Wednesday, 30 January 2013
THE INAUGURAL JIMMY REID FOUNDATION LECTURE JANUARY 29TH 2013
The Jimmy Reid Foundation’s inaugural lecture was delivered by Scotland First Minister Alex Salmond last night in Govan Old Parish Church. Delivered in the shadows of the Upper Clyde Shipyard the lecture was the first in what organisers hope will be an annual event aiming to ‘promote fresh thinking from a left perspective’. The First Minister took as his theme ‘the opportunities Independence will bring’.
After paying generous tribute to Jimmy Reid the SNP leader spent most of his 40 minutes defending the record of his Government insisting that whatever failings it might have made these last 6 years were down to a shortage of powers at Holyrood. The speech to be honest was not one of his best. Always guarded, it sounded like an SNP Party Election Broadcast. The loudest applause of the night came when he mentioned the abolition of NHS prescription charges and re-iterated his commitment to the principle of care free at the point of need. A bigger man would have acknowledged, particularly on an evening such as this, the role the Scottish Socialist Party played in bringing forwarded that Bill in the first place. Unfortunately it was an uninspiring speech that not only lacked vision it was a master class in how to speak for 40 minutes and say nothing.
The short question and answer session that followed barely improved things with Salmond offering often incoherent and evasive answers to queries about how women might benefit from Independence, the kind of tax regime he would have and how scientific progress might be advanced.

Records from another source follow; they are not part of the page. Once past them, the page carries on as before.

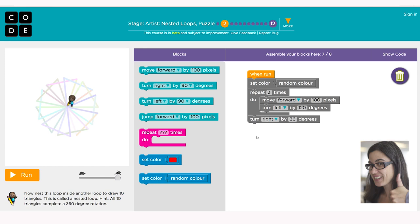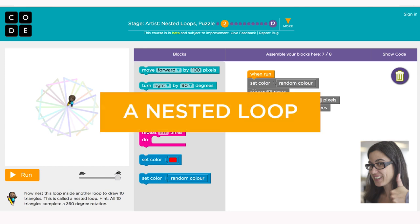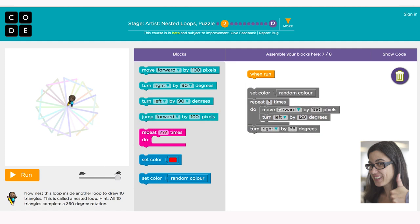When you put a loop inside of another loop, we call that a nested loop. For example, here we're given the code already to draw one triangle with sides of length 100 pixels, using the repeat times block set to three, once for each side of a triangle.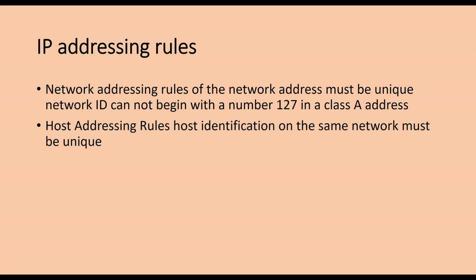Subnet mask. A subnet mask is a 32-bit address, it cannot exist alone, must be combined with IP used together. It only has one function, is to divide an IP into network address and host address two parts. The subnet mask and IP address are the same, the left is the network bit with a binary 1, the right is the host with binary 0.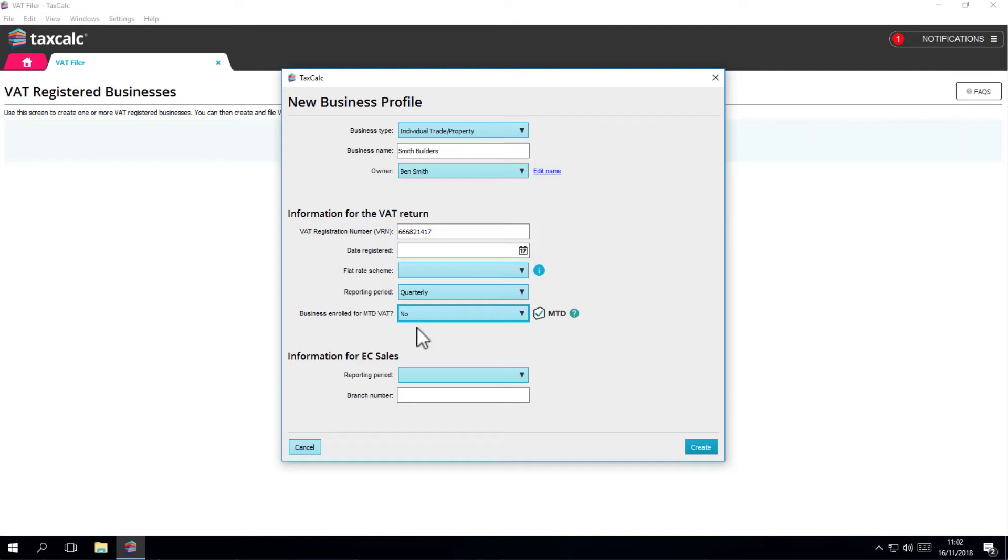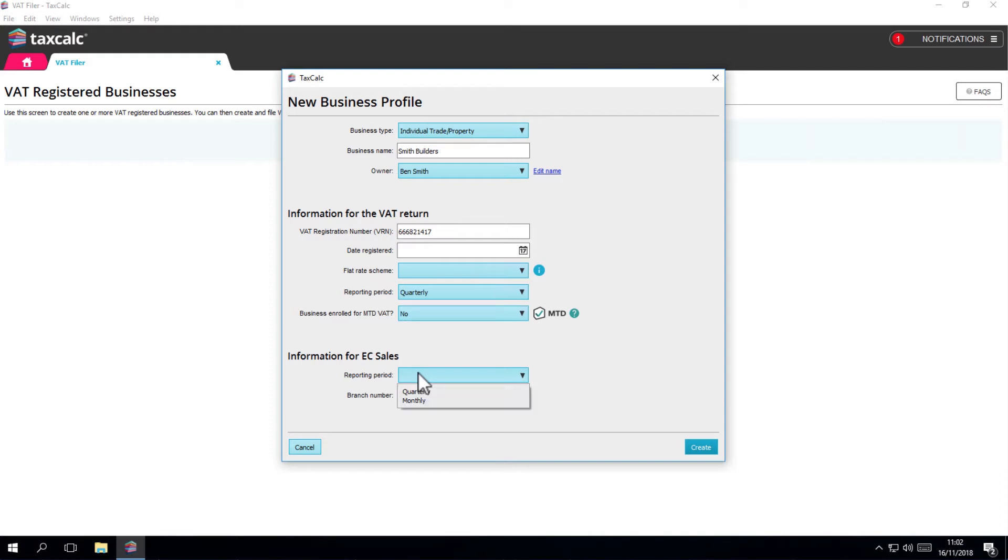The final section only needs to be completed if you need to send EC sales list submissions. If so, choose the reporting period. With EC sales list submissions, it's either monthly or quarterly. And again, you'll need to enter the branch number.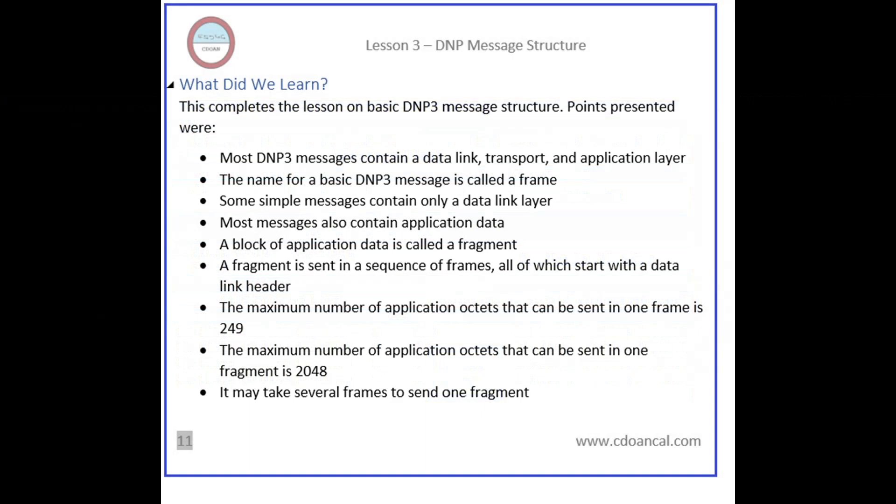This completes the lesson on basic DNP3 message structure. Points presented were: Most DNP3 messages contain a data link, transport, and application layer. The name for a basic DNP3 message is called a frame. Some simple messages contain only a data link layer. Most messages also contain application data. A block of application data is called a fragment. A fragment is sent as a sequence of frames, all of which start with a data link header. The maximum number of application octets that can be sent in one frame is 249. The maximum number of application octets that can be sent in one fragment is 2048. It may take several frames to send one fragment.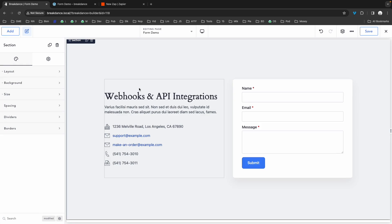Hey, this is Elijah from Breakdance, and in this video, I'm going to show you how to use the Breakdance Form Builder's webhook action. A webhook is essentially a special URL that allows you to post data to it to interact with another web application.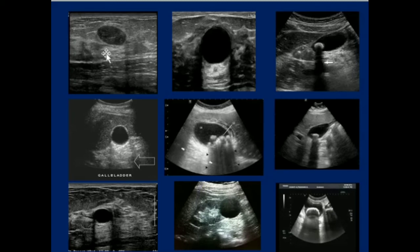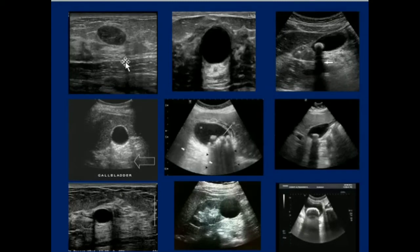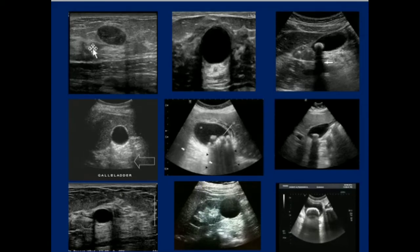In this image we can appreciate a solid hyperechoic lesion in the breast tissue, and this shows posterior enhancement. So it was labeled as a fibroadenoma. This is the normal gallbladder distended with posterior enhancement.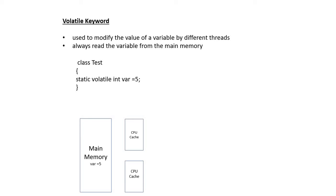To avoid that, what we can do is make it as volatile. So what will happen? Instead of each one having its own copy...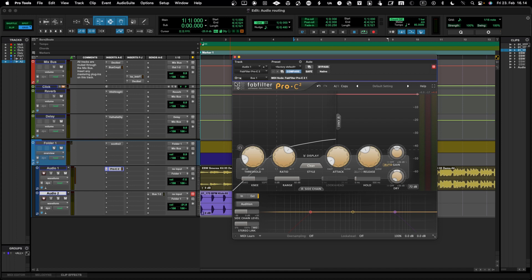So we've now covered all the basics: tracks, channels, buses, inserts and sends, sidechaining, parallel processing, and sub-mix or stem-mix or bus-mix using a summing folder. That was Pro Tools — next we'll jump into Logic Pro X and do the same things there. Remember to subscribe to the channel for more content, and thanks for watching!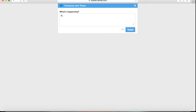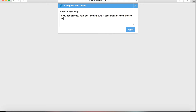If you don't already have a Twitter account, here's what I want you to do. Log in and create a Twitter account, and then the first thing you do is go to the very top of the screen — there's a little search bar there. I want you to type in the words "moving to" and then type in your city.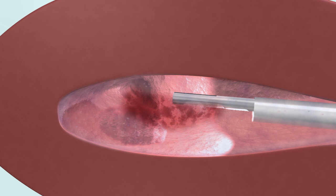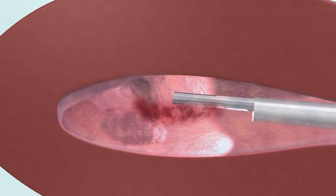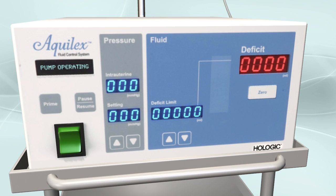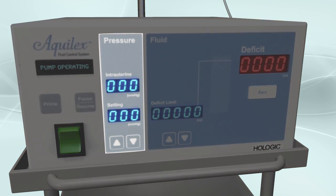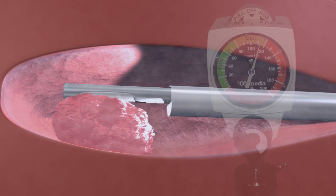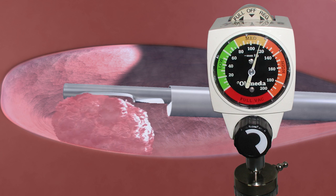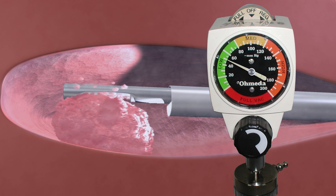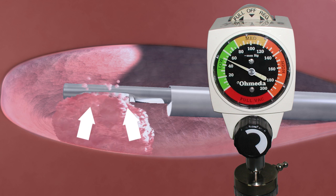At this point, you may want to consider making one of the following adjustments. One, a tapenade effect may be achieved by increasing the fluid pressure. Two, reducing suction will lower the rate at which fluid is evacuated and intrauterine pressure decreases.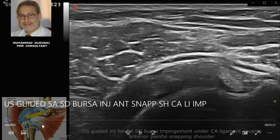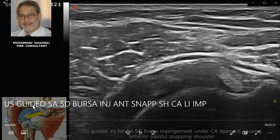The subscapularis bursa, which is deep to the subscapularis tendon, can also cause snapping anterior shoulder. Another cause — which is the case today — is subacromial subdeltoid bursa bursitis with synovial hypertrophy causing impingement under the coracoacromial ligament during internal and external rotation, and with abduction and flexion of the shoulder, bringing the synovial hypertrophy and villous tissue under the coracoacromial ligament during flexion.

The evening did remind us however what a consummate politician Salmond is as he danced around questions on privatisation, anti-union laws and the monarchy. ‘Rocks will melt under the sun’ he insisted ‘before I allow Scottish Water to be privatised’ to rare applause. But he noticeably gave no such assurances about returning the energy supply industry to public hands despite its control of our other natural resources and forcing 40% of households into fuel poverty. His Governments record on fuel poverty is poor and yet this issue is the populations number one concern.
And the novice listener might have fallen into another ‘Salmondesque’ trap when he referred to the renewable energy sector. ‘We gave away the wind power industry this country invented!’ he told us. Could he be inferring that he will take it back and advocate return the gas and electricity industry privatised by Thatcher to public hands I thought? No, not Salmond. He remains steadfastly right of centre on industrial and economic policies. It’s just the way he makes you think he is saying one thing when in fact he supports its opposite.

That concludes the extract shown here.